Provided information.
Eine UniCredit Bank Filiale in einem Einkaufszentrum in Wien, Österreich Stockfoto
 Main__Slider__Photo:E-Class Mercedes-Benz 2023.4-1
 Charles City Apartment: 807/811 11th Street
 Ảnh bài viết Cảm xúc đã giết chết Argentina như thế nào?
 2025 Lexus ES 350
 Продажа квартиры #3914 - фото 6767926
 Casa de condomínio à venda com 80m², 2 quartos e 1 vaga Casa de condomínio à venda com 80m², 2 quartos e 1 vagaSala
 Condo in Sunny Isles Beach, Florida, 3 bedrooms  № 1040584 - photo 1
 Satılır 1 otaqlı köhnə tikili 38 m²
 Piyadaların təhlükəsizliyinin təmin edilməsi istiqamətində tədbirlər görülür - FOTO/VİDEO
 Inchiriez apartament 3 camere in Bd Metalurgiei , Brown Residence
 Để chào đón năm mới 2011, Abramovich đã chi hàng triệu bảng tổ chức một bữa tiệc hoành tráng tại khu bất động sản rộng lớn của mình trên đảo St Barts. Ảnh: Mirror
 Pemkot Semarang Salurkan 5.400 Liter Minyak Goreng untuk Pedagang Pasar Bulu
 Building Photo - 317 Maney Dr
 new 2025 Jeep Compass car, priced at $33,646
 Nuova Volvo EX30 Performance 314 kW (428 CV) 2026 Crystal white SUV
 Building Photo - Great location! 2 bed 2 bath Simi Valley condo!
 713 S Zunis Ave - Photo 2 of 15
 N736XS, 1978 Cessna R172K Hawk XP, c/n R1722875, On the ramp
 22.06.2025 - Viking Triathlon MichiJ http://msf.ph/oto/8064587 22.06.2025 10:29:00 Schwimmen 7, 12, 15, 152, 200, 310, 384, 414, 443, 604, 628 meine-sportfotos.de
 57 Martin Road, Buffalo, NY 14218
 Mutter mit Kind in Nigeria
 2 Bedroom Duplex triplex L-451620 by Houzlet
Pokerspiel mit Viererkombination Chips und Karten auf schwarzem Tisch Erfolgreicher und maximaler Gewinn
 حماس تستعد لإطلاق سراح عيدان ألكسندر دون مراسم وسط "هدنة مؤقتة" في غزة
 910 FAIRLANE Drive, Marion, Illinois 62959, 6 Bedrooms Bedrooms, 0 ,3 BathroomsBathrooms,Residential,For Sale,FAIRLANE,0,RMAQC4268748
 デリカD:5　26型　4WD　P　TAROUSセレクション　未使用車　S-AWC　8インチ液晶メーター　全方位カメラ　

Aim of the exercise. From the listing above, the lines starting with the one that has "new 2025 Jeep Compass car, priced at $33,646" and running through the one that has "حماس تستعد لإطلاق" should be copied exactly, ends included.

Output for this exercise.
 new 2025 Jeep Compass car, priced at $33,646
 Nuova Volvo EX30 Performance 314 kW (428 CV) 2026 Crystal white SUV
 Building Photo - Great location! 2 bed 2 bath Simi Valley condo!
 713 S Zunis Ave - Photo 2 of 15
 N736XS, 1978 Cessna R172K Hawk XP, c/n R1722875, On the ramp
 22.06.2025 - Viking Triathlon MichiJ http://msf.ph/oto/8064587 22.06.2025 10:29:00 Schwimmen 7, 12, 15, 152, 200, 310, 384, 414, 443, 604, 628 meine-sportfotos.de
 57 Martin Road, Buffalo, NY 14218
 Mutter mit Kind in Nigeria
 2 Bedroom Duplex triplex L-451620 by Houzlet
Pokerspiel mit Viererkombination Chips und Karten auf schwarzem Tisch Erfolgreicher und maximaler Gewinn
 حماس تستعد لإطلاق سراح عيدان ألكسندر دون مراسم وسط "هدنة مؤقتة" في غزة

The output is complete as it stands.